18.1.15

D. – Robert Harris


Il aura fallu attendre l’année 2013 pour que le dossier complet, demeuré secret, de l’affaire Dreyfus soit consultable en ligne sur le site AffaireDreyfus.com. C’est après avoir discuté avec Roman Polanski (avec qui il coopéra pour écrire le scenario de Ghost Writer) que le romancier et historien britannique Robert Harris décidé de se lancer dans une formidable aventure : tenter de tirer une bonne fois pour toutes au clair les dessous d’une affaire qui empoisonna la France pendant quasiment un demi-siècle.

Le coup de génie ici est,  non pas de tenter de conter de l’extérieur les faits et rebondissements qui conduisirent de la cassation en 1901 d’un officier juif de Mulhouse à sa réhabilitation avec les excuses de la République en 1906, mais de se mettre dans la peau d’un des acteurs principaux, malgré lui, de toute l’histoire. Un acteur resté dans l’ombre et injustement oublié…

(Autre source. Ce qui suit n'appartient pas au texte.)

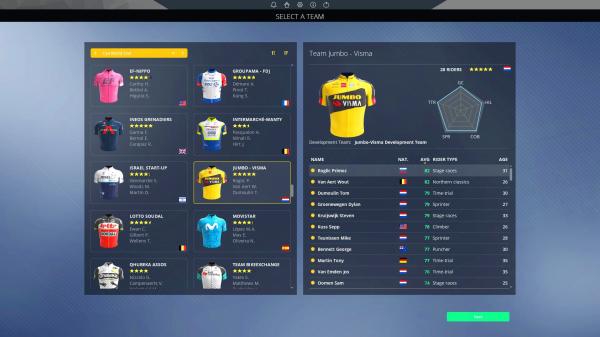 ESD Pro Cycling Manager 2021 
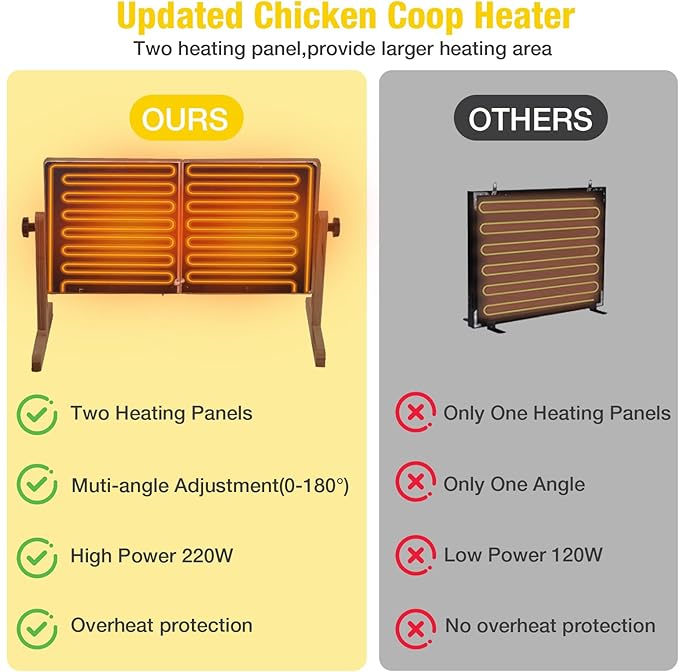 Aivituvin Foldable Chicken Coop Heater for Winter, 120w Large Size Waterproof Chicken Heater for Coop, Radiant Heat Chicks Coop Heater with 2 Heating Plates, Adjustable Temp 70~190℉ (Dark Brown)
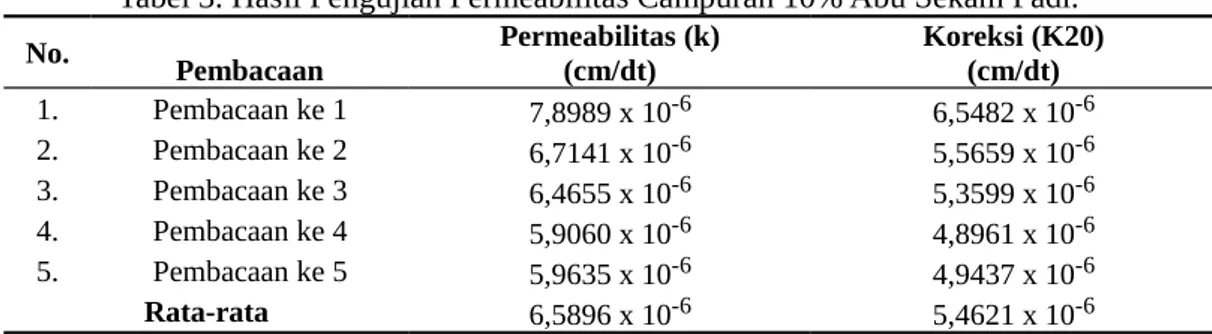 Tabel 3. Hasil Pengujian Permeabilitas Campuran 10% Abu Sekam Padi. No. Pembacaan Permeabilitas (k)(cm/dt) Koreksi (K20)(cm/dt)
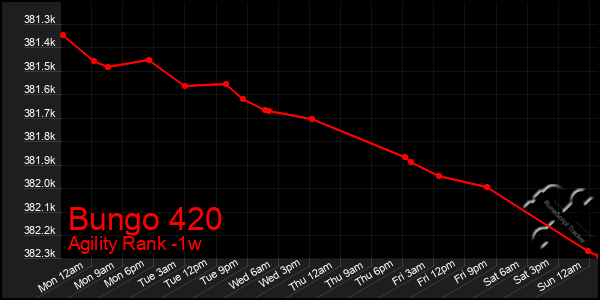 Last 7 Days Graph of Bungo 420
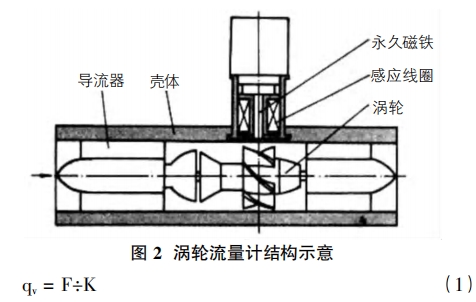 渦輪流量(liàng)計結構示(shì)意圖(tú)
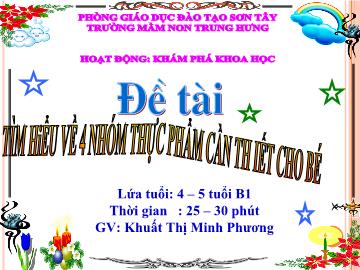 Bài giảng Mầm non Lớp 4 tuổi - Đề tài: Tìm hiểu về 4 nhóm thực phẩm cần thiết cho bé - Khuất Thị Minh Phương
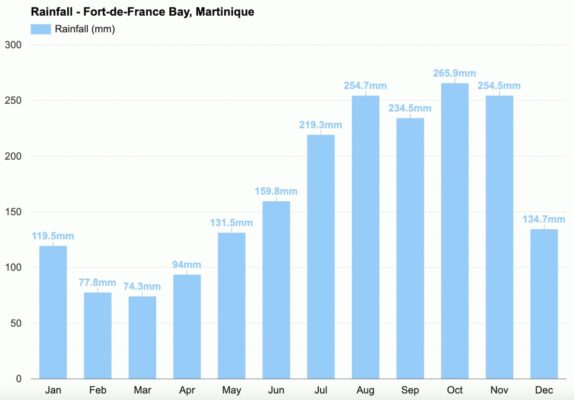 Pluviométrie en Martinique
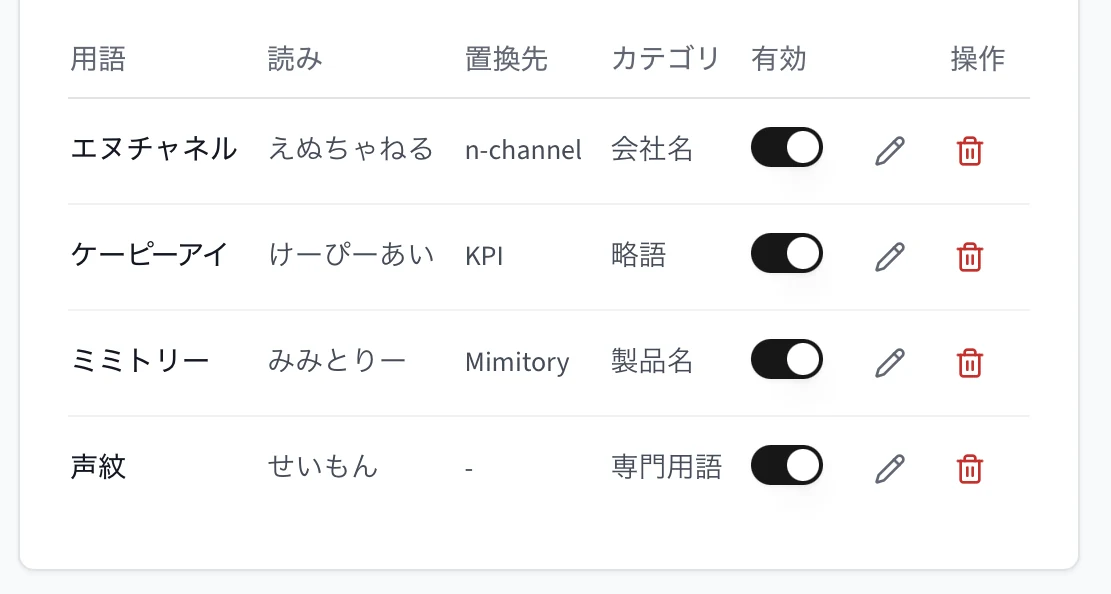設定の辞書。用語、読み、置換先、カテゴリの列に、えぬちゃねるからn-channelへの置換など4語が並んでいる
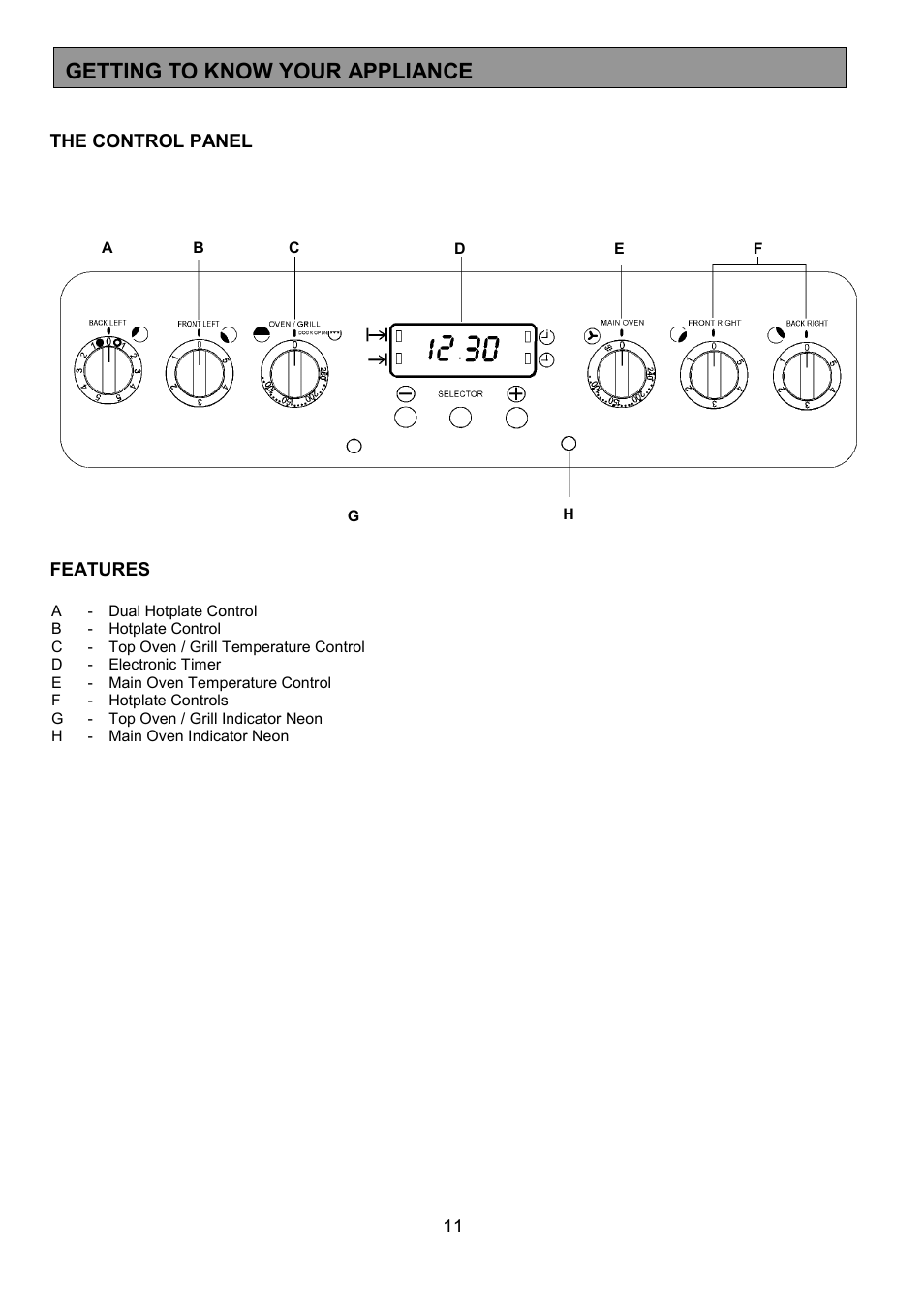 Getting to know your appliance | Tricity Bendix SIE555 User Manual | Page 11 / 36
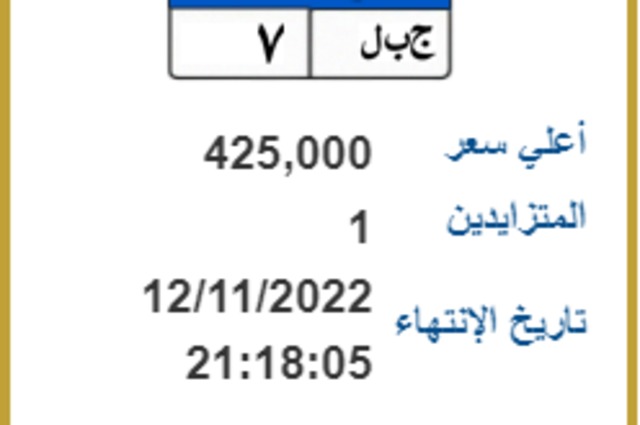 تعرفوا على أهم اللوحات الجديدة المميزة المعروضة للبيع في مصر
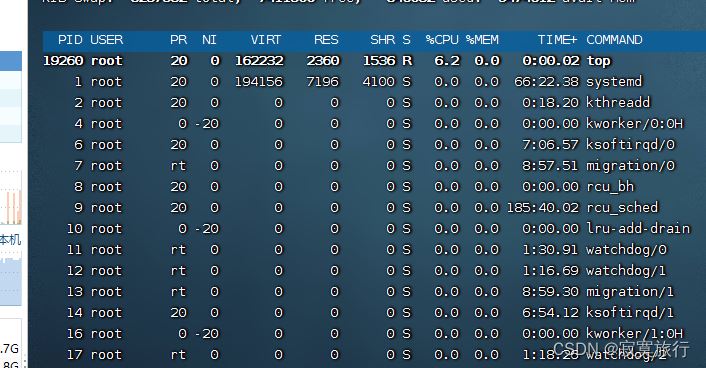 linux服务器CPU飙高排查分析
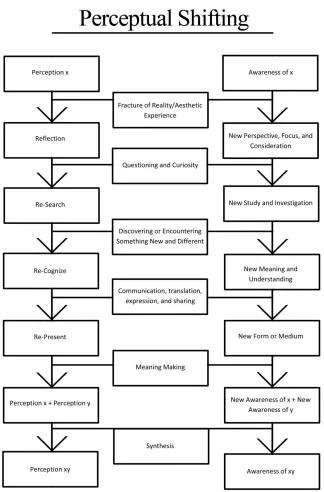 Figure 7. Shifting Perception Chart, Jason Christopher Childers™, 2014, digital chart 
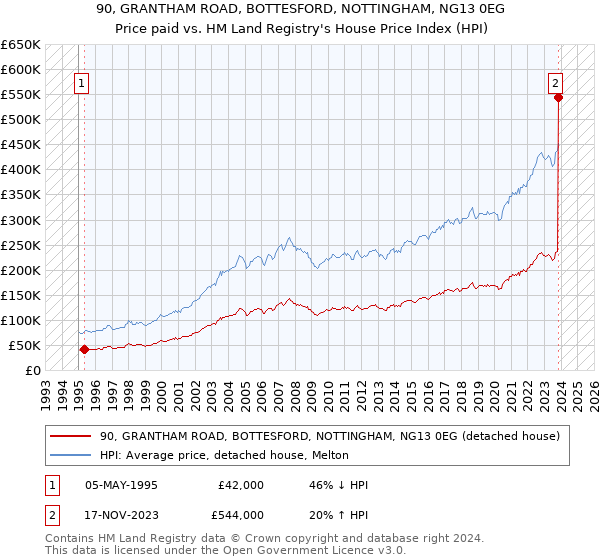 90, GRANTHAM ROAD, BOTTESFORD, NOTTINGHAM, NG13 0EG: Price paid vs HM Land Registry's House Price Index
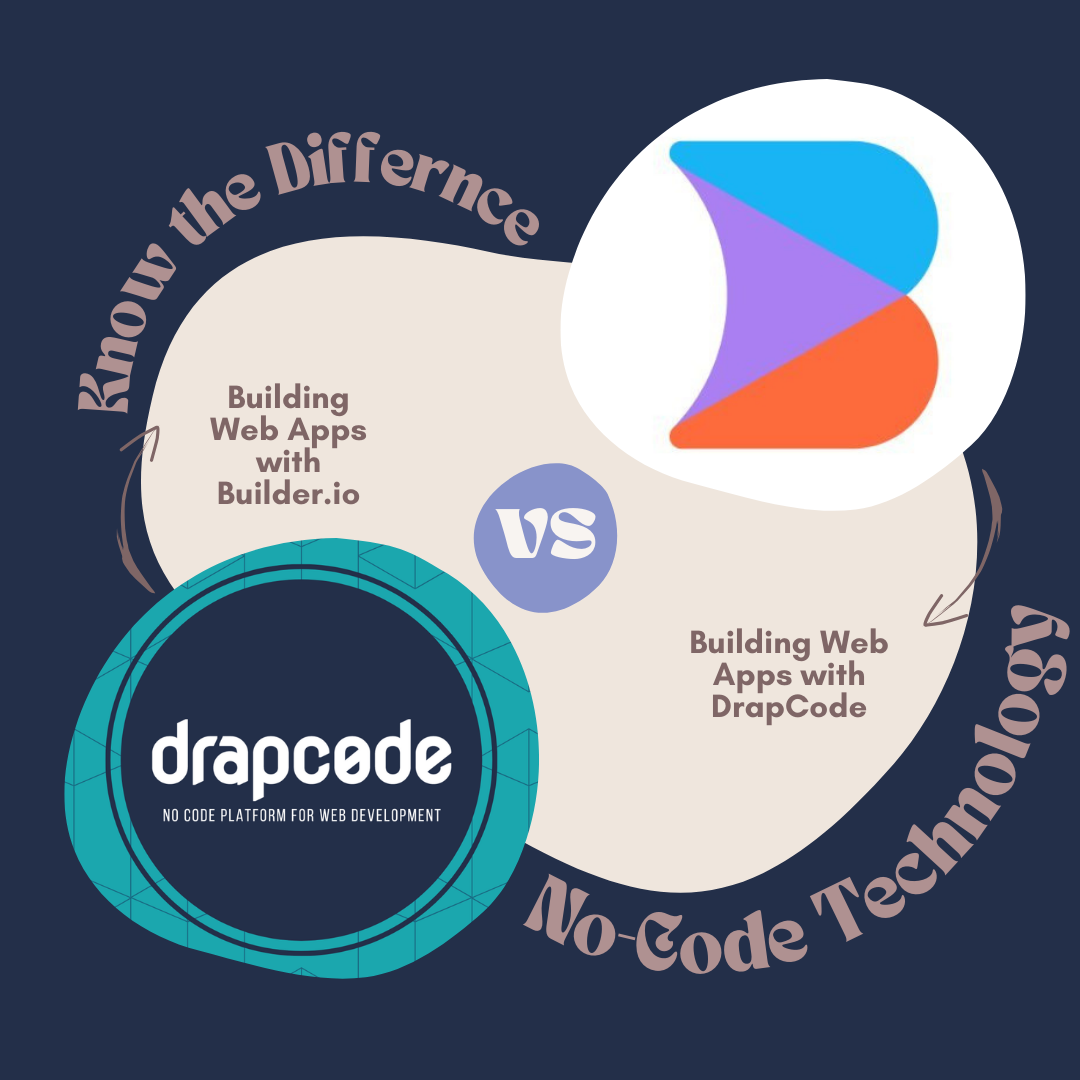 DrapCode vs Builder.io | DrapCode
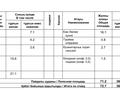 2-бөлмелі пәтер · 73 м² · 9/14 қабат, Кабанбай батыра 56а — Станция LRT «Улы дала», бағасы: ~ 75 млн ₸ в Астане, Есильский р-н — фото 12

Georges Picquart est celui qui prend la parole. Brillant officier ayant fait ses preuves par les armes en Afrique et au Tonkin, décoré de la Légion d’Honneur, ancien professeur de topologie à l’Ecole Militaire (où il eut Dreyfus comme élève), il se voit choisi pour être promu plus jeune Lieutenant-Colonel de l’Armée française en charge du « Bureau des Statistiques », vague terme derrière se cache le service du contre-espionnage.

Dépité de cette promotion mais dans l’incapacité de refuser, Picquart va devoir prendre la tête d’une équipe qui fera tout pour lui rendre la vie impossible. Mais imposant peu à peu ses méthodes, réformant de fond en comble l’approche et parce qu’on lui a donné l’ordre de maintenir l’enquête sur le dossier Dreyfus, lequel vient d’être condamné et envoyé  à l’Ile du Diable dans des conditions de détention innommables, Picquart, persuadé de la culpabilité de Dreyfus comme toute l’armée dans son ensemble, va peu à peu voir ses convictions ébranlées.

Un faisceau d’indices le mettra sur la piste d’un officier louche et au bras long, le Commandant Ferdinand Walsin Esterhazy. Un homme perclus de dettes de jeu, aux mœurs des plus douteuses, bientôt observé à fréquenter assidûment l’ambassade d’Allemagne, le grand ennemi, à qui il ne fait plus de doute qu’il remet des documents militaires. Un homme dont l’écriture ressemble furieusement à celle du bordereau sur la seule base, fragile, duquel Dreyfus fut condamné.

Alertant sa hiérarchie et le gouvernement, Picquart va se heurter à un nauséabond mélange de mauvaise foi, d’antisémitisme, de compromissions, d’objectifs personnels inavouables qui rendent son discours inacceptable et inaudible.

Picquart ne tardera pas à pâtir de son entêtement, de sa droiture de soldat et d’officier qui ne peut pas accepter que l’armée qu’il aime de tout son cœur commette un outrage en condamnant un homme dont il ne fait aucun doute, pour lui, qu’il est innocent.

Chassé de son poste, ostracisé puis emprisonné, il deviendra l’un des fers de lance du groupe des Dreyfusard auprès de Zola, de Jaurès, de Clémenceau, de Scheurer-Kestner ou de Lazare tout en respectant son devoir de secret et de soldat, malgré les outrages subis.

C’est cette enquête de l’ombre mené par un homme mû par le souci de la vérité et de la droiture que nous suivons de façon palpitante, comme un thriller aux incessants rebondissements et qui nous tient en haleine constante bien que nous en connaissions la fin.

Ce livre compile des faits historiques et laisse au romancier le soin de les mettre en scène, de les lier entre eux à la façon d’une histoire incroyable et pourtant vraie. Picquart fut, en son genre et à son époque, le premier lanceur d’alerte. Attention, on entre dans ce bouquin pour ne plus en sortir et parcourir page après page devient addictif ! Une formidable réussite.